Files in this Data Supplement:

• Movie 1 – (QuickTime Movie, 1,608 KB) - 3-D reconstruction of normal human T cells using confocal microscopy showing the localization of CG-NAP/AKAP450 (green) at the centrosome with trailing extensions along the microtubules (red) in locomotory T cells. The yellow hue shows the area of colocalization.
  
• Movie 2 – (QuickTime Movie, 1,671 KB) - 3-D image of a polarized normal human T cell crosslinked via LFA-1 and stained with CG-NAP/AKAP450 and LFA-1. The image was rotated in various directions to show the precise colocalization of LFA-1 (green) and CG-NAP/AKAP450 (red) at the centrosome.
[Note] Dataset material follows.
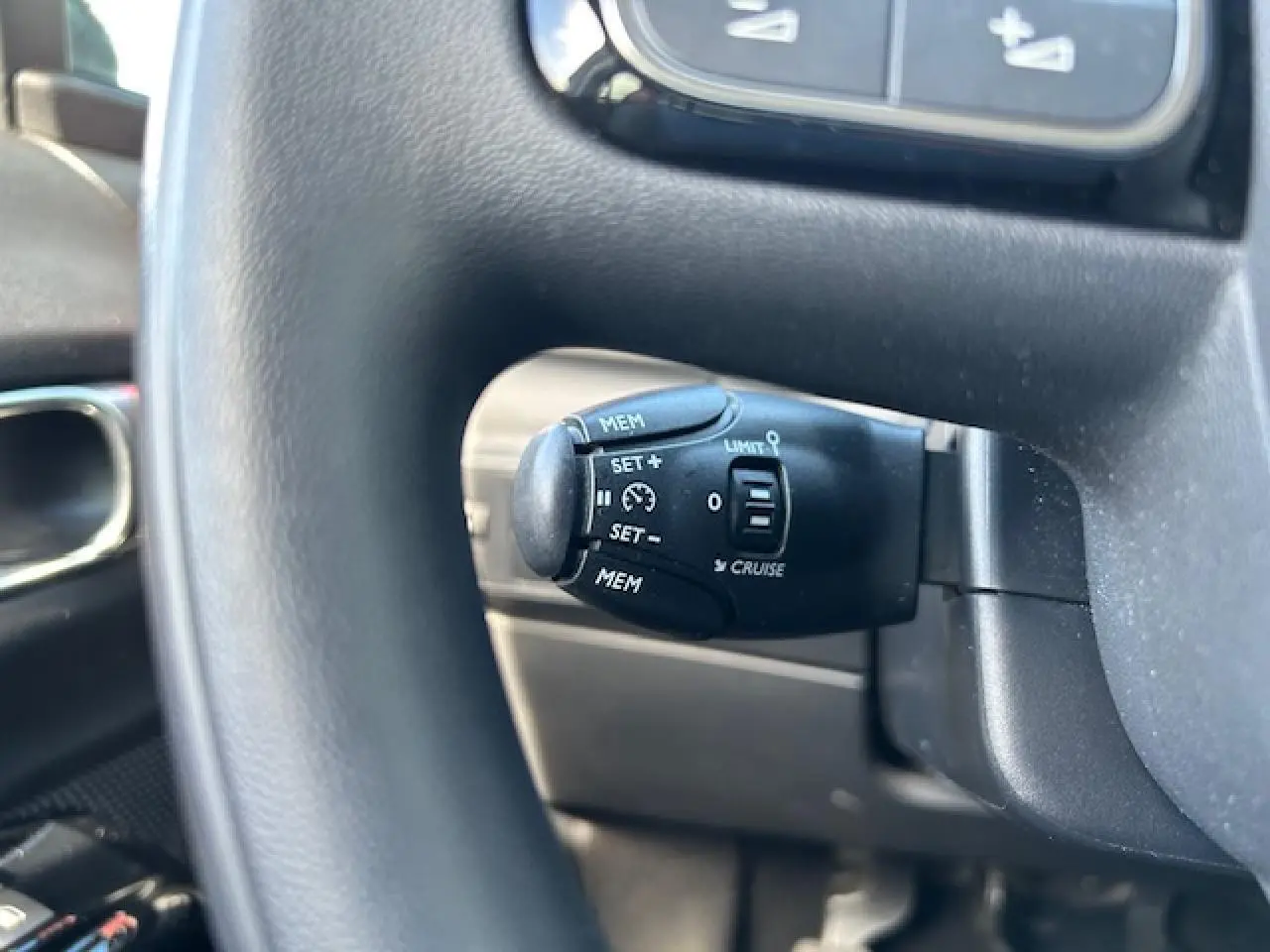 Gros plan sur la commande de régulateur de vitesse noire, située derrière le volant de la Citroën C3 sable métal.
Overlay of CGNAP/AKAP450 and LFA-1 can be seen at the base of the trailing cell extensions.
  
• Movie 3 – (QuickTime Movie, 2,971 KB) - Fibronectin and immunostained for CG-NAP/AKAP450 (red) and LFA-1 (green). CG-NAP/AKAP450 is detected as a compact spot with little or no association with LFA-1, in contrast with the cells migrating on ICAM-1 (Movie 2).
  
• Movie 4 – (QuickTime Movie, 1,058 KB) - 3-D image of HUT-78 human T lymphoma cell crosslinked via LFA-1 and transfected with the C-terminal GFP/CG-NAP/AKAP450 protein. Overexpression of C-terminal GFP/CG-NAP/AKAP450 protein visualized at the centrioles led to cessation of locomotion, cells remained adherent but did not undergo significant net body translocation over more than 60 minutes observation.
  
• Movie 5 – (QuickTime Movie, 1,233 KB) - 4- D Confocal microscopy of HUT-78 human T lymphoma cells triggered via LFA-1 and transfected with an empty EGFP vector. Cells retained their motile phenotype in comparison to the cells transfected with the C-terminal GFP/CG-NAP/AKAP450 protein (Movie 4). 45 Z-stacks were sequentially acquired over 15 min interval.